Satoshi Nakamoto made explicit references to the shortcomings of the banking system in Bitcoin’s code and communications. The idea was to make a system of money that is equitable, which it is so far living up to. Certainly, the amount of fraud occurring in traditional banking is what is more worrying.
That maligned perception is slowly fading away in almost every part of the world. Governments are warming up to both cryptocurrencies and blockchain technology. Some may be moving slower than others, but the benefits are clear to most.
When it comes to specific regulation, however, governments have been flagging. This is understandable, as this is an entirely new space with unprecedented methods of operation. The approach to regulating a decentralized means of exchange, store of value, and product/service is complex.

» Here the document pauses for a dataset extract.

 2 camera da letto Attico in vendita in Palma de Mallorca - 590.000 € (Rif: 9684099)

For many years, governments had been unsure of how to tackle cryptocurrency. Some had even ignored it entirely. Most were of the mind that it was something that is illegal or unethical. However, this year that has changed, with governments seeing reason in the use of the technology.
U.S. Government Crypto Regulation Increases
The growing enthusiasm of governments is evident in the number of bills that have been introduced by the US government. Between January 2019 and now, the US Congress has introduced 40 cryptocurrency and blockchain bills. Only two of these have become law, but the pace is remarkable. The US has started to address the concerns that it is falling behind.

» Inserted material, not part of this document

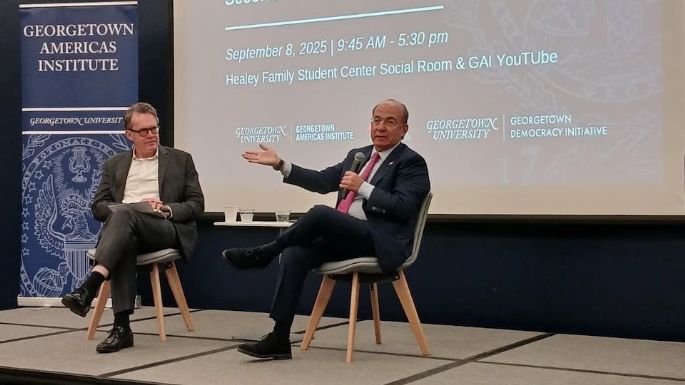 Calderón advierte: “ya no habrá elecciones libres en México”; reprocha que EU no intervino (Video)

The majority of these bills have to do with enforcing consumer protection and KYC/AML standards. Several entities, most notably derivatives platform BitMEX, are facing investigation for an alleged lack of KYC/AML standards.

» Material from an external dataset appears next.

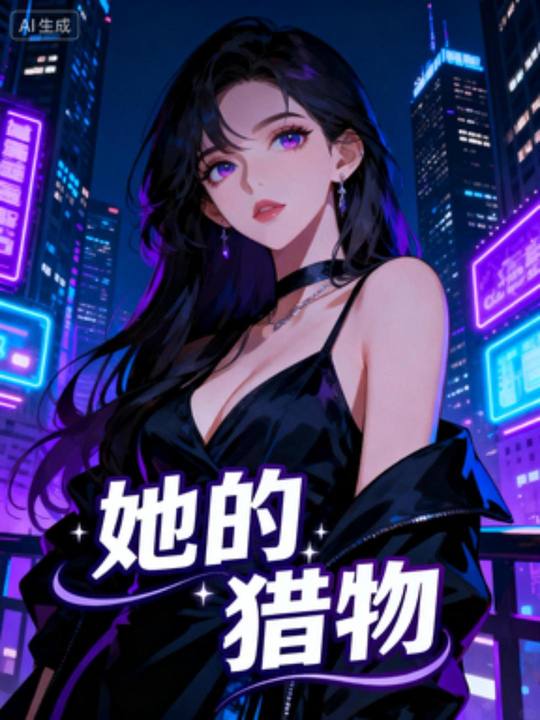 她的猎物封面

While cryptocurrency supporters may have reservations for CBDCs and specific cases, the overall approach by authorities is improving. That cannot be denied, for if cryptocurrencies are to enter mass usage, it must be standardized and regulated. The larger market must feel secure about investing in a burgeoning asset class.
Where Will Regulation Take Us?
So what can on-the-fence investors and current investors expect in the near future? For one thing, there is going to be an inevitable ramping up of market scrutiny. Authorities will be speeding up their examination of entities like exchanges.
On their part, exchanges will make doubly sure that they do not cross authorities. Additionally, as is already the case with Coinbase, exchanges will be careful about jurisdiction. US authorities are already seeking to investigate entities that are located internationally but have customers in the country.
Taxation will also be an important focus, but this is already being looked into. Several blockchain software companies offer both users and authorities tools for tax reporting. On a wide scale, however, it will be some time before taxation becomes standardized.
On the other hand, privacy coins will almost certainly be a pain point for governments. The IRS has awarded grants to companies to help break the privacy protocol of Monero. Whether this happens, and whether the market finds a way around it, is open to debate.
Governments have also been looking into central bank digital currencies (CBDCs) with increasing keenness. This is almost a given, with some of the world’s biggest economies already well into pilot programs.
China is the most notable example, and other countries are worried that it may take the lead in the race. Reports are that Japan and the United States are also putting a lot of effort into it, but there are definitive dates. Smaller economies like Estonia are also looking into the matter.
Where does the market stand as we head into 2021? On almost every front, it appears good. The increased regulation implies that the governments are taking note of the growth of cryptocurrencies. So far, regulation has not been draconian.
The market itself also bodes well, as it cannot live in a bubble and requires a bridge with traditional markets. The first few years of this decade will set the foundation for the asset class. So long as lawmakers take a reasonable approach to regulation, the market will flourish.